Reduce memory usage with Dask dtypes

November 17, 2021

Columns in Dask DataFrames are typed, which means they can only hold certain values (e.g. integer columns can’t hold string values). This post gives an overview of DataFrame datatypes (dtypes), explains how to set dtypes when reading data, and shows how to change column types.

Using column types that require less memory can be a great way to speed up your workflows. Properly setting dtypes when reading files is sometimes needed for your code to run without error.

Here’s what’s covered in this post:

  • Inspecting DataFrame column types (dtypes)
  • Changing column types
  • Inferring types when reading CSVs
  • Manually specifying types
  • Problems with type inference
  • Using Parquet to avoid type inference

Inspecting DataFrame types

Let’s start by creating some DataFrames and viewing the dtypes.

Create a pandas DataFrame and print the dtypes.  All code snippets in this post are from this notebook.

//import pandas as pd

df = pd.DataFrame({"nums":[1, 2, 3, 4], "letters":["a", "b", "c", "d"]})

print(df.dtypes)

nums        int64
letters    object
dtype: object//]]>

The nums column has the int64 type and the letters column has the object type.

Let’s use this pandas DataFrame to create a Dask DataFrame and inspect the dtypes of the Dask DataFrame.
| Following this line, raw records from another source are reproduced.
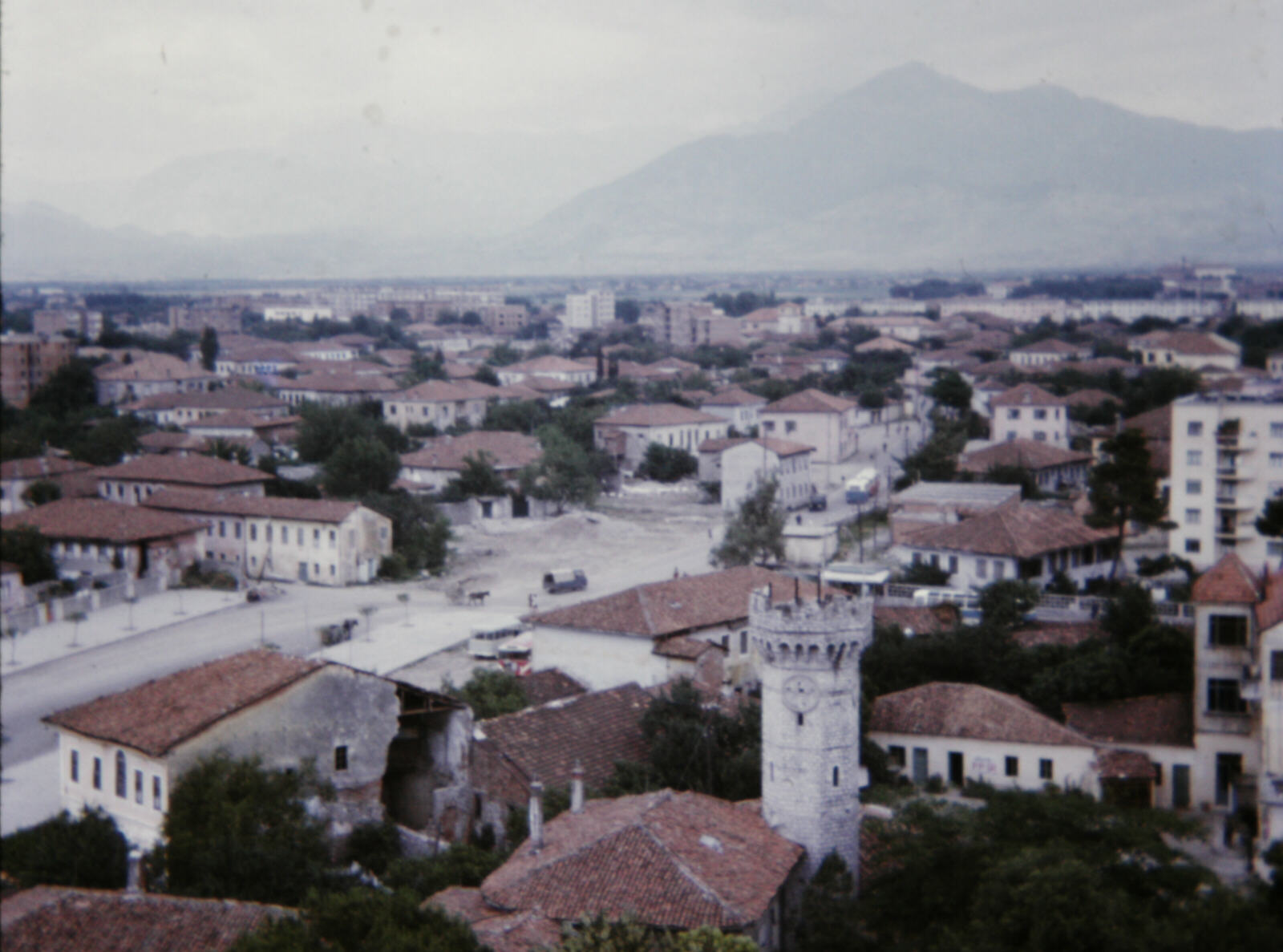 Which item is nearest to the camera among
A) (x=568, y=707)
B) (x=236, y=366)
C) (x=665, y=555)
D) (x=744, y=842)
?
(x=744, y=842)

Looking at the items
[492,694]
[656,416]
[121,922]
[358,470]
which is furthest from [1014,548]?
[656,416]

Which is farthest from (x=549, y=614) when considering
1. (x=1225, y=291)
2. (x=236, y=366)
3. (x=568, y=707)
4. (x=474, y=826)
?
(x=236, y=366)

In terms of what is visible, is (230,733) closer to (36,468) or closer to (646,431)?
(36,468)

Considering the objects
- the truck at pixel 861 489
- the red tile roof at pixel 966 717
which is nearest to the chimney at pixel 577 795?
the red tile roof at pixel 966 717

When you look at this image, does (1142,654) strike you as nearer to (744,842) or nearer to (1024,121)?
(744,842)

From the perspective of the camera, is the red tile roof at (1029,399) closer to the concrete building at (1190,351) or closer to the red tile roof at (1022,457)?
Result: the concrete building at (1190,351)

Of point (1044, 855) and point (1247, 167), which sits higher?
point (1247, 167)

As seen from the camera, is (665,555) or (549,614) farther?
(665,555) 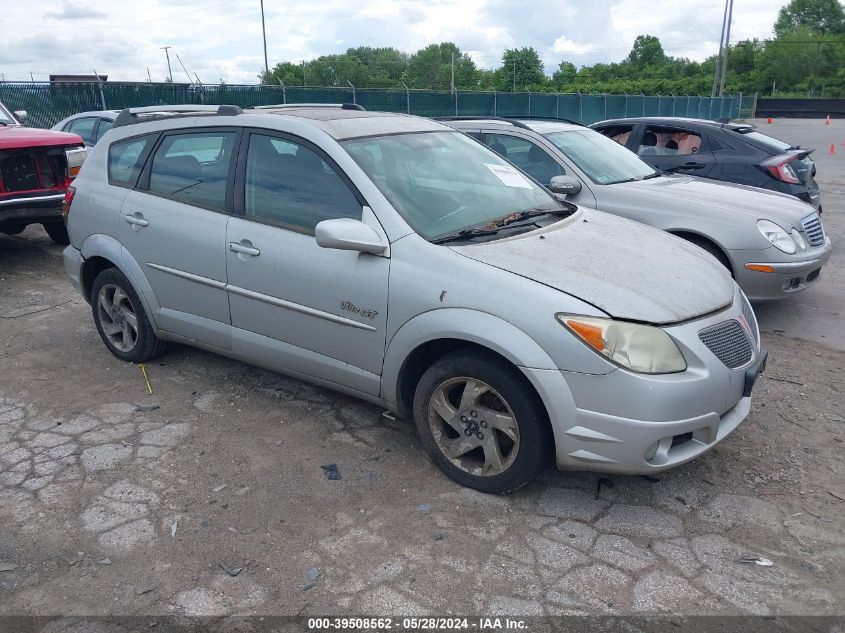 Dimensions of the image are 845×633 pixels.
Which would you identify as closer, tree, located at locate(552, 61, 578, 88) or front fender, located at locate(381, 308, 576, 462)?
front fender, located at locate(381, 308, 576, 462)

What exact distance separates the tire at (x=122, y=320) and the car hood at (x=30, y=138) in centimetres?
333

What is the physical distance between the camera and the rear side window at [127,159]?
4875 millimetres

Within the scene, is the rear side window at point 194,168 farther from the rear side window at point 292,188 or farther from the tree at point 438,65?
the tree at point 438,65

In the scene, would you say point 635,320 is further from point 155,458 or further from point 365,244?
point 155,458

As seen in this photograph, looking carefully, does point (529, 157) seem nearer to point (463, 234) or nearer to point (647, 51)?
point (463, 234)

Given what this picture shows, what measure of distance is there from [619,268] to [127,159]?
3.43 m

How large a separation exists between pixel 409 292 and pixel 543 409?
86cm

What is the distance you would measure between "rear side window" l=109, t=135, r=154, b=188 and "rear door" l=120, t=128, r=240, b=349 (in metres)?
0.10

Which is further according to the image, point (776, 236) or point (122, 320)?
point (776, 236)

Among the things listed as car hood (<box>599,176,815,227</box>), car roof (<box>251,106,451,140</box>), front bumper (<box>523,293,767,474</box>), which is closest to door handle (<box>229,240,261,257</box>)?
car roof (<box>251,106,451,140</box>)

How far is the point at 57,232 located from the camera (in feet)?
29.5

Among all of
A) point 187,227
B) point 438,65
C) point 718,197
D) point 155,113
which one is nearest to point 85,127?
point 155,113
//import dask.dataframe as dd

ddf = dd.from_pandas(df, npartitions=2)

ddf.dtypes

nums        int64
letters    object
dtype: object//]]>

The Dask DataFrame has the same dtypes as the pandas DataFrame. 

Changing column types

Change the nums column to int8. You can use Dask's astype function to cast an object to a different type.

//ddf['nums'] = ddf['nums'].astype('int8')

ddf.dtypes

nums         int8
letters    object
dtype: object//]]>

8 bit integers don’t require as much memory as 64 bit integers, but can only hold values between -128 and 127, so this datatype is only suitable for columns that contain small numbers.

Selecting the best dtypes for your DataFrame is discussed in more detail later in this post.

Inferring types

Let’s read a 663 million row CSV time series dataset from a cloud filestore (S3) and print the dtypes.

We’ll use the Coiled Dask platform to execute these queries on a cluster.

//import coiled
import dask

cluster = coiled.Cluster(name="demo-cluster", n_workers=5)
client = dask.distributed.Client(cluster)

ddf = dd.read_csv(
   "s3://coiled-datasets/timeseries/20-years/csv/*.part",
   storage_options={"anon": True, 'use_ssl': True}
)

print(ddf.dtypes)

timestamp     object
id             int64
name          object
x            float64
y            float64
dtype: object//]]>

Dask infers the column types by taking a sample of the data. It doesn’t analyze every row of data when inferring types because that’d be really slow on a large dataset.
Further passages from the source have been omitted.